Isabel Pantoja la viuda de España

Hasta hace poco, los divorciados, al menos en España, parecían tener siempre un pie en la clandestinidad, incluso en los casos más clamorosos y más jaleados por la moda y la modernez. Divorciarse era algo así como dejar al otro malherido y medio enterrado, o como automutilarse y seguir viviendo con la mitad del cuerpo y del alma vendada. Había siempre en el divorcio algo de atentado contra la integridad propia o ajena, algo de desvergüenza delictiva, a pesar de contar con la bendición de las leyes. Cuando entre nosotros aún no existía el divorcio, veíamos divorciarse a célebres parejas extranjeras -millonarios, artistas, aristócratas- y sentíamos la misma envidiosa perplejidad que cuando nos enterábamos de los crímenes del Estrangulador de Boston: era un sangriento destino que nos estaba vedado, y eso nos convertía sin remedio en unos catetos de tomo y lomo. Como se decía entonces, con una deplorable mezcla de impotencia y fanfarronería, aquí no existía el divorcio, existía el «ahí te quedas», pero todos sabíamos que eso era una chapuza indigna de cualquier país civilizado. 


Luego, Francisco Fernández Ordóñez consiguió introducir el divorcio en nuestra legislación y, sin embargo, nuestros divorciados tardarían mucho en resultar convincentes: de hecho, a estas alturas, yo creo que muy pocos consiguen ser convincentes del todo. Paquirri, por ejemplo, se divorció de Carmina Ordóñez y se casó con Isabel Pantoja, pero hasta que el torero no murió de forma trágica y dejó a una sola y verdadera viuda, aquello siempre desprendió un confuso aroma de enjuague conyugal a tres banda. Y con Pedro Carrasco ha ocurrido algo parecido: nunca estuvimos convencidos del todo de que Raquel Mosquera fuese en algún momento su única mujer, pero ahora no nos cabe la menor duda de que la peluquera es su única viuda. Y es que en España, por modernos que nos creamos en materia carnal y sentimental, sólo la muerte sigue separando de veras.
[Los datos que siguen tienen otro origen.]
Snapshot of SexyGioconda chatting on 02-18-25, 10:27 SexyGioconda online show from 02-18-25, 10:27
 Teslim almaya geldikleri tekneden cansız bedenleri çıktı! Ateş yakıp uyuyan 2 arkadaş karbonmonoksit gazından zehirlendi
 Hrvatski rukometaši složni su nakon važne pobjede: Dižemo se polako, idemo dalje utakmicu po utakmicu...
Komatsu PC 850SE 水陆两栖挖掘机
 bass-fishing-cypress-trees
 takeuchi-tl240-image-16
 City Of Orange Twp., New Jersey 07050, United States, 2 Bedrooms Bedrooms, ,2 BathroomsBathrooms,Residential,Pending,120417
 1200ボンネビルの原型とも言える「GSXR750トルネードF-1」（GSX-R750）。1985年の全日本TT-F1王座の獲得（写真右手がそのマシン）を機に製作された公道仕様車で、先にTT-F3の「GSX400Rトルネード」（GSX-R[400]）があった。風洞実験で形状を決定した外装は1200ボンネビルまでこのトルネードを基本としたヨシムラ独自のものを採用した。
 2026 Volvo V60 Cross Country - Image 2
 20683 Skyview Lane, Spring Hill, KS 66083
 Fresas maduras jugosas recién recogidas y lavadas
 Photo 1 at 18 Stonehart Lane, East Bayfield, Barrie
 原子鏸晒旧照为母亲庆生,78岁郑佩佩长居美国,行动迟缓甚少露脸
Por esos otros mundos, sin embargo, ya apenas hay viudos y viudas a la antigua, viudos y viudas con la mujer o el hombre de su vida irremediablemente difunto y sepultado. La última viuda reconocible y reconocida fue Jacqueline Kennedy, y siguió siendo la viuda por antonomasia incluso después de casada por segunda vez -aquel matrimonio con Onassis era tan poco creíble como pasión o vicio que, por más insultos y chascarrillos que cosechara, nunca logró tapar el vacío dejado por el ilustre muerto-, pero, cuando volvió a enviudar, su viudez palideció hasta tal punto que resultaba casi imposible recordarla: la segunda oquedad trivializó y disolvió la primera. Y no hablemos de las dos viudas de Mitterrand, compartiendo un dolor perplejo e inverosímil y ejemplo definitivo de que la viudedad es un desastre en vías de extinción.

El divorcio, en cambio, está creando nuevos viudos, viudos en vida. Lady Di era una auténtica viuda mientras vivió divorciada del príncipe Carlos: desprendía una sensación de luto tarambana, una pena cierta de viuda alegre, que partía el alma. Nicole Kidman y Tom Cruise han enviudado súbitamente el uno del otro, aunque sigan vivitos y coleando, igual que Boris Becker y Barbara Feltus: cualquier separación posterior que cada uno de ellos padezca, incluso las que cause la muerte, será para todos secundaria y venial. Y es un fenómeno que está ocurriendo ya en todas partes. Menos en España, claro. En España, todavía, la muerte sigue mandando, como se ha demostrado en los funerales interminables de Pedro Carrasco, y, dado nuestro natural extravertido y ruidoso, sólo cuando un jaleo así se organice a causa de un divorcio, con el pueblo llano echándose a la calle para armar bulla, seremos por fin un país moderno.